Его верная подружка уже через полгода после операции, когда стало доподлинно известно, что Галь полностью владеет верхней частью тела, а только утратил подвижность ног, хотела узаконить их отношения, но он встал на дыбы и категорически воспротивился её скоропалительному решению.
Долгое время Галь надеялся, что обретёт, всё же чувствительность и даже встанет на ноги, но, увы, чаяньям не дано было осуществиться.
Молодой профессор, сделавший ему уникальную операцию и вернувший его к почти нормальной жизни, долгое время питал надежды вместе с Галем и его близкими, но два месяца назад вынес окончательный вердикт – на данном этапе шансов не осталось, не смотря на все титанические усилия пациента, который, не щадя времени и силы, изнурял себя массажами, физиотерапией, физическими упражнениями и различными процедурами с помощью современной техники.
Обидней всего, что на каком-то восстановительном этапе, Галь вдруг стал чувствовать в ногах боль при уколах, лёгкую щекотку на ступнях и даже иногда удавалось пошевелить пальцами.
Увы, увы, это продолжалось только несколько дней, а потом всё вернулось к полной атрофии нижних конечностей.
Профессор развёл руками – какой-то раздробленный шейный позвонок окончательно передавил нерв, отвечающий за чувствительность ног.
Молодой талантливый специалист заверил Галя, что, возможно, в будущем они ещё вернутся к этому вопросу, но на данном этапе новая операция грозит неминуемым летальным исходом для пациента и он на себя подобную ответственность не берёт.
Галь мужественно встретил приговор эскулапа, ничем и никому не выдал бурю эмоций, которая бушевала в его душе, хотя две вещи его по-настоящему тяготили и порой даже доводили до мыслей о суициде.
Трудно укладывались в его голове их будущие отношения с Верой и вынужденная нынешняя бездеятельность.
Парень тяжело вздохнул, тряхнул головой и выпрямился в кресле.
Не спеша, закатил коляску под навес, укрывшись от палящего светила, и по-хозяйски огляделся.
Привычным движением снял со специального постамента гантели, набрал на них рекордные на сегодняшний день для него десять килограмм и начал ежедневную тренировку, разводя в сторону и поднимая руки вверх, выбрасывая гантели вперёд и возвращая к груди.
Мышцы приятно наливались силой и энергией под воздействием многократно повторяющихся упражнений.
Пол часа, отведённых для этих занятий, Галь изнурял своё тело и руки необходимой для него зарядкой, обливаясь потом и краснея от натуги.
Волевым усилием он отгонял от себя непрошенные мысли о том, что вся эта суета, на самом деле, мышиная возня, не стоящая таких трудозатрат, от которых у него, особенно поначалу, страшно ныли все отвыкшие от нагрузок мышцы.
Если бы не его сумасшедшее желание до сих пор нравится любимой девушке своей энергией и физической формой, то давно бы уже забросил эти жалкие потуги казаться нормальным человеком.

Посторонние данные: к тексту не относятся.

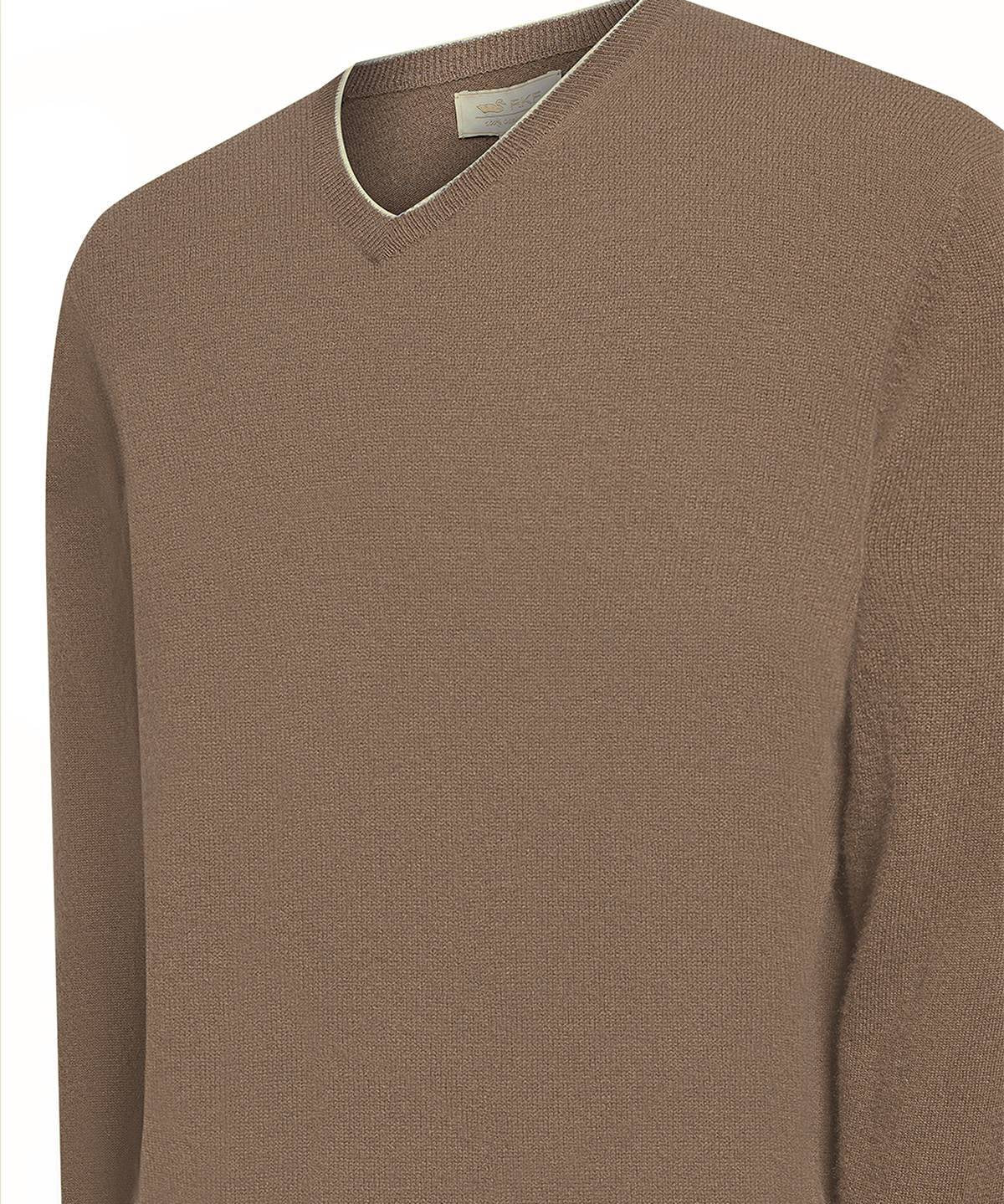 Sweater Cashmere Hombre Cash V Café Rockford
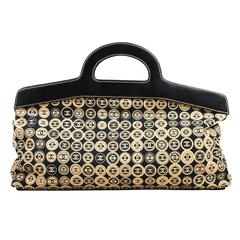 Chanel New without Tags Navy Tan 'CC' Print Fabric Handbag 9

Из сумки-холодильника достал коробку с апельсиновым соком и с жадностью начал пить прямо с ёмкости, даже не подумав налить благодатную прохладную жидкость в стакан.
– Галюш, ну, как не стыдно, ведь я тебя воспитывала культурным мальчиком, а ты позволяешь себе такие хамские фокусы…
– Мамочка, прости своего непутёвого сыночка, думал, что меня никто не видит, а ты вечно на страже порядка.
Гиля подошла к сыну, забрала из его рук коробку с соком и стащила с него мокрую от пота футболку.
Затем, влажным полотенцем обтёрла его мускулистое тело и протянула свежую майку.
– Сынок, хочешь что-нибудь перекусить, тогда я тебе принесу, а то я собралась до Хаи прогуляться, партию в бридж сыграть, к ней две подруги из Хайфы прибыли.
– Нет, мамочка, можешь отправляться со спокойной душой, ты же знаешь, если что-нибудь понадобится, сам справлюсь, но я хотел бы с тобой серьёзно поговорить пока Вера не приехала.
Мать с сыном взмахом рук издалека поприветствовали Абрама, вышедшего на крыльцо с садовыми ножницами и с лёгкой алюминиевой стремянкой.
Тот, ответно кивнул, и не стал к ним приближаться, а устремился в другой конец пардеса, где его ожидала намеченная на сегодня работа.
Гиля, из стоящих в ряд сложенных шезлонгов, взяла крайний и, разложив, уселась напротив сына:
– Галюш, что ты маешься и понапрасну изводишь душу, страдая от комплекса неполноценности.
Слава богу, ты остался жив и не только – по-прежнему красивый, сильный и далеко не дурак.
А ведь у тебя были все шансы стать и тем, и другим, и третьим…
– Мама, ты же понимаешь, дело совсем не в этом, я хочу поговорить с тобой о своём ближайшем будущем.
– Сынок, ты имеешь в виду ваши отношения с Верой и предстоящую свадьбу?
– Да, именно это.
Гиля не стала сразу же отвечать ему на поставленные ребром вопросы, а огляделась вокруг, как будто ища ответы в синем прозрачном небе, в свежей зелени листьев и травы, в ярком многоцветье и в спелых плодах, свисающих с деревьев и кустов.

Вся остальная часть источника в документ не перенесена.